SharedFactor | The shared factors Q and R are required. |

Thin | The singular values as well as the left and right singular vectors are required, but only the columns that contribute to the products are returned. |

All | The singular values as well as the left and right singular vectors are required. |

A common option is Thin, which is often used for matrices that have more rows than columns. In this case, only a few of the left singular vectors correspond to singular values. The remaining singular vectors correspond to zero rows in the matrix of singular values, and are rarely used.

The Decompose method performs the actual decomposition. This method copies the matrix if necessary. It then calls the appropriate routine to perform the actual decomposition. This method is called by other methods as needed. You will rarely need to call it explicitly.

The GeneralizedSingularValues
property returns a vector containing the generalized singular values.
The PrimarySingularValues
property returns a vector containing the singular values of the primary matrix.
The PrimarySingularValueMatrix
returns the matrix
Σ_{1}
in the decomposition: a diagonal matrix of the same shape
as A with the singular values on the diagonal.

The SecondarySingularValues
property returns a vector containing the singular values of the secondary matrix.
The SecondarySingularValueMatrix
returns the matrix
Σ_{2}
in the decomposition: a diagonal matrix of the same shape
as B with the singular values on the diagonal.

The PrimarySingularVectors and SecondarySingularVectors return the matrices U and V, respectively. The singular vectors are stored in the columns of these matrices. When a thin SVD is requested, the meaning is slightly different.

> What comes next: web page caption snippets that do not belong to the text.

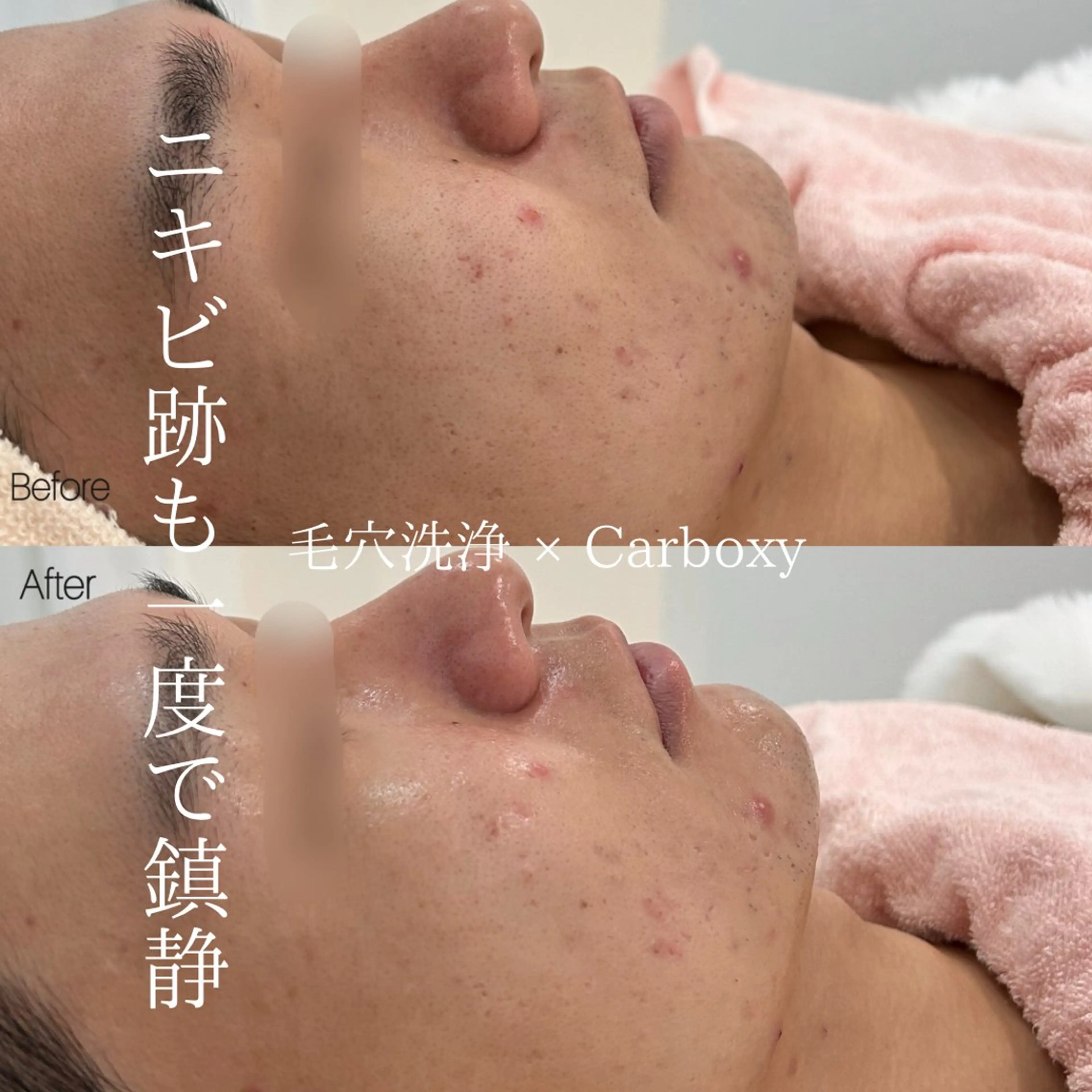 メンズ エステ 〈etre〉トータルビューティーサロン所属・etre - 韓国肌管理 -のエステ・リラクイメージ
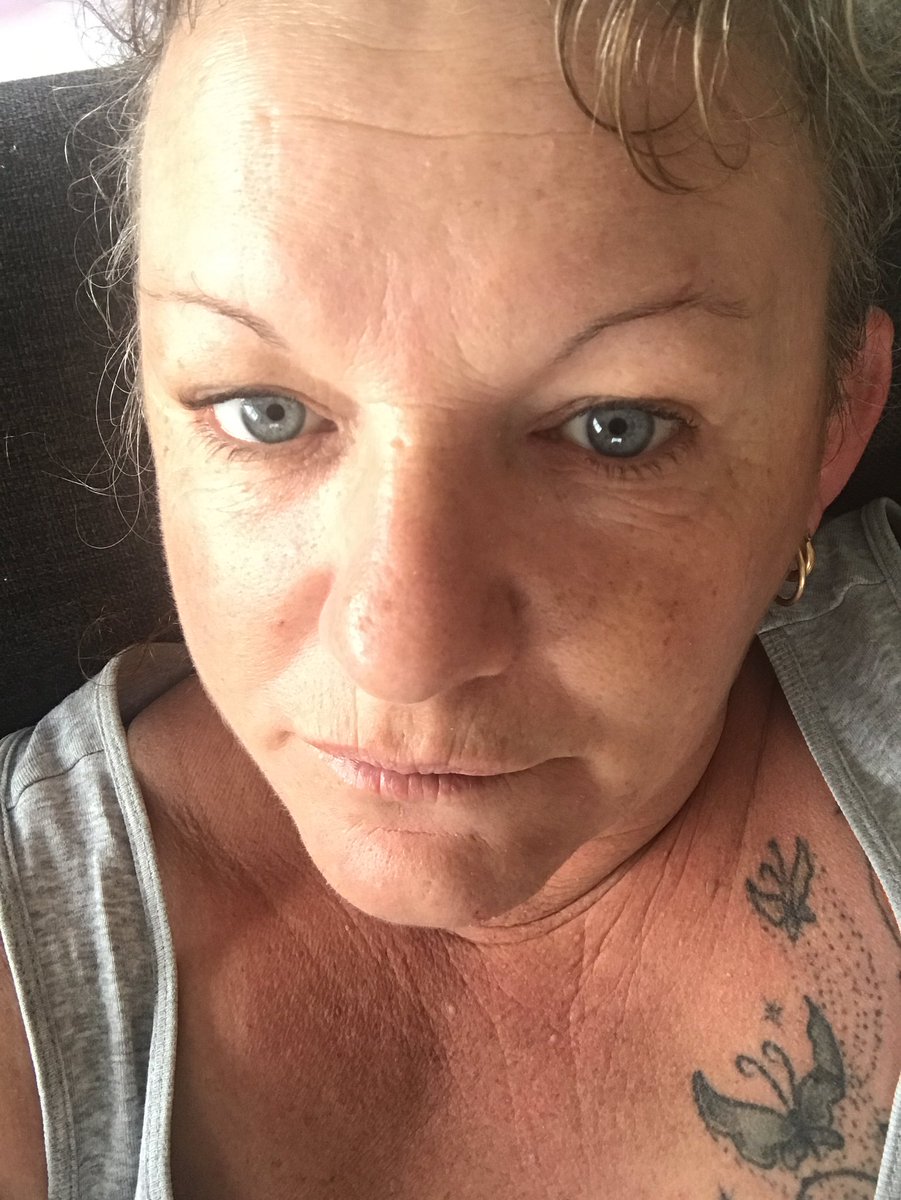 bad_aussie's tweet photo. Essure fragments &amp; PET fibres inside my body somewhere still makes me ill and looking ill. Life time essure victim😞 https://t.co/7lRR1GBbuu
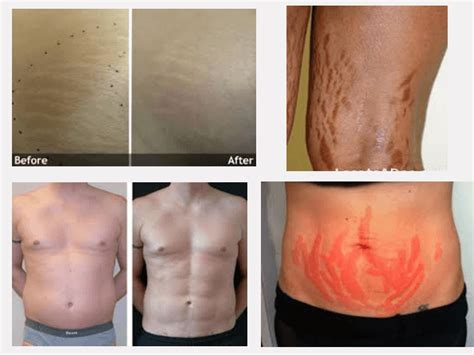 Laser Stretch Mark Removal The Advanced Way Of Removing Stretch Marks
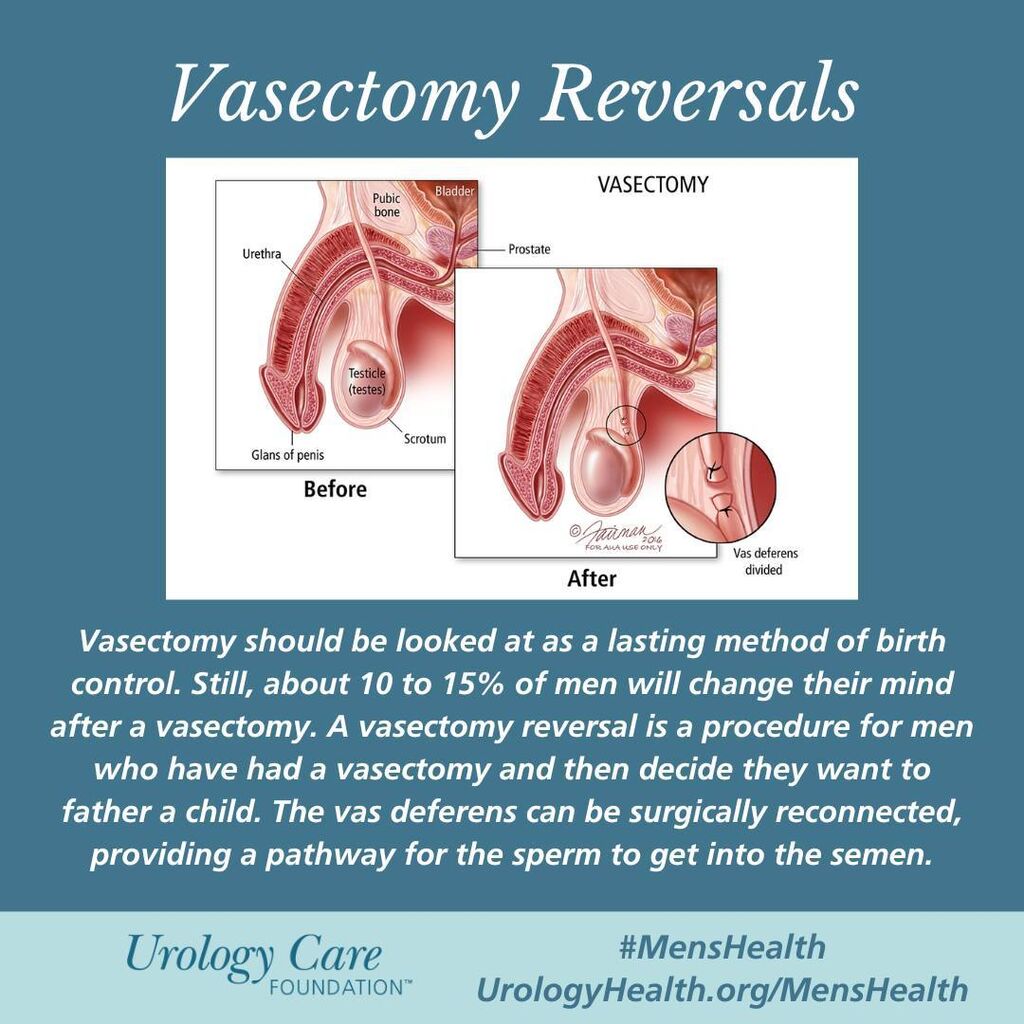 A #vasectomy should be looked at as a lasting method of #BirthControl. Still, about 10 to 15% of men will change their mind. The vas deferens can be surgically reconnected.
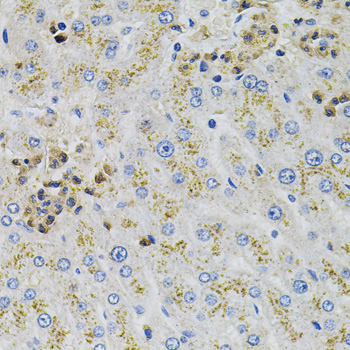 Anti-AARS Antibody (CAB7864)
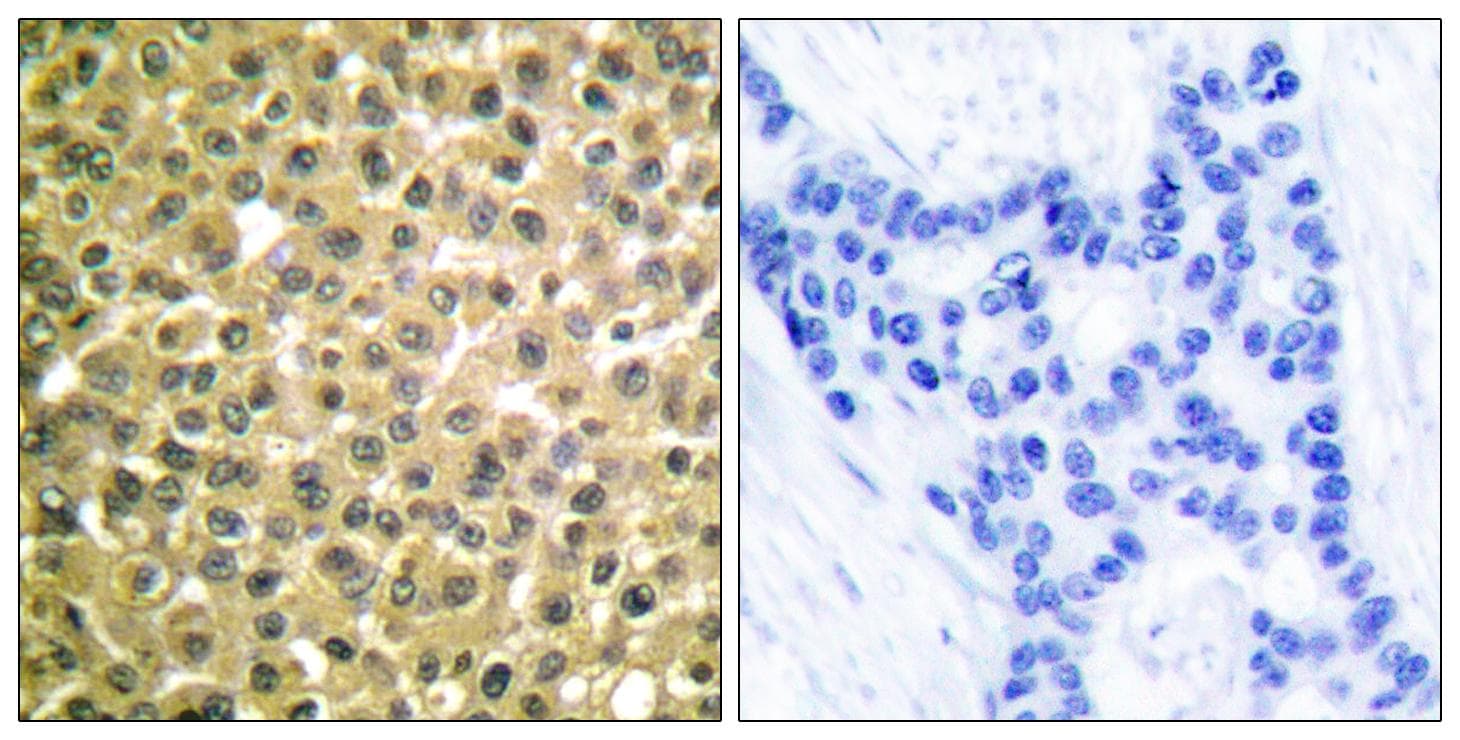 RARB / RAR Beta Antibody
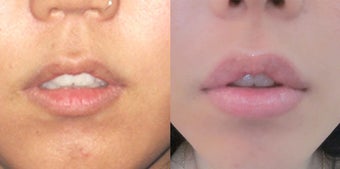 Non Surgical Lip Enhancement before 574817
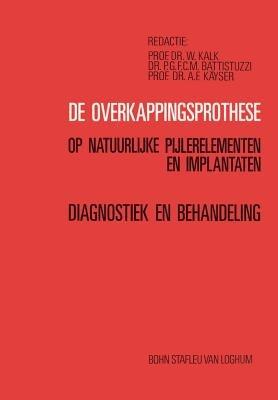 de Overkappingsprothese: Diagnostiek En Behandeling - cover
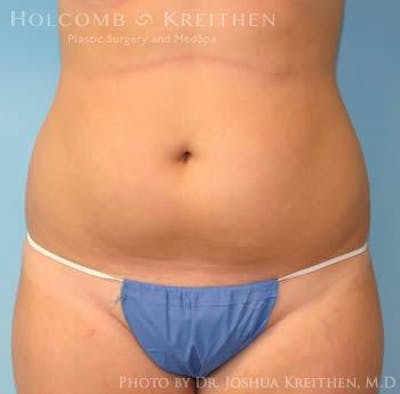 Liposuction Before & After Gallery - Patient 6236537 - Image 1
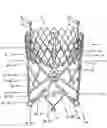 Fig. 01 - Stent for the positioning and anchoring of a valvular prosthesis in an implantation site in the heart of a patient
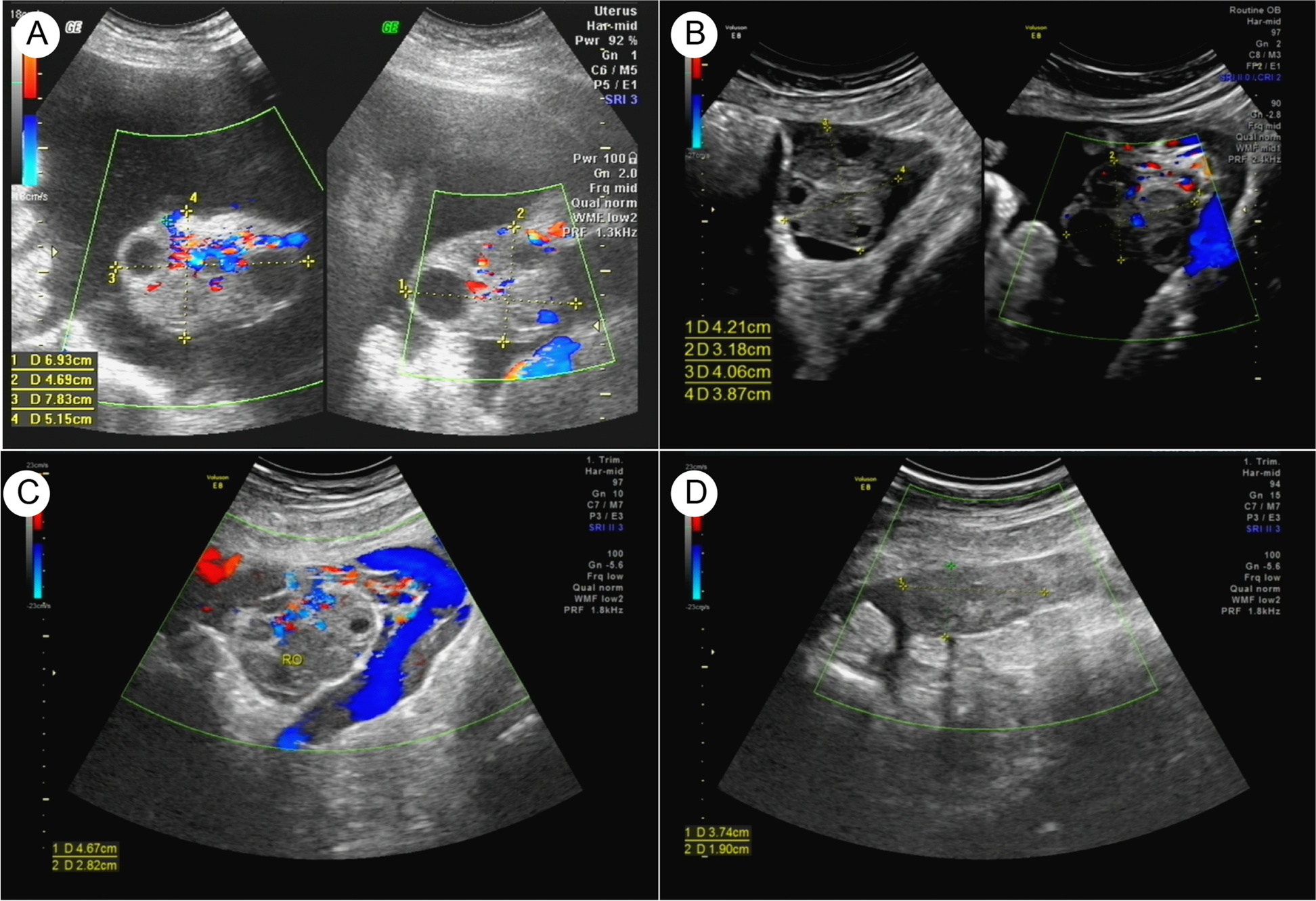 Fig. 1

For a matrix with more rows than columns, the singular matrix contains only n columns, where n is the number of columns in the matrix. The columns of these reduced matrices are still orthogonal.

The SharedTriangularFactor and SharedOrthogonalFactor return the matrices [0 R] and Q, respectively. To get just the triangular part, R or just those columns of Q that are multiplied with non-zero columns of [0 R], use the TrimmedSharedTriangularFactor. To get the matrix X from the decomposition, use SharedFactor.

var S = gsvd.GeneralizedSingularValues; var S1 = gsvd.PrimarySingularValues; var S2 = gsvd.SecondarySingularValues; var U = gsvd.PrimarySingularVectors; var V = gsvd.SecondarySingularVectors; var Q = gsvd.SharedOrthogonalFactor; var R = gsvd.TrimmedSharedTriangularFactor; var X = gsvd.SharedFactor;

The implementation of the singular value decomposition is based on the LAPACK routine DGGSVD3.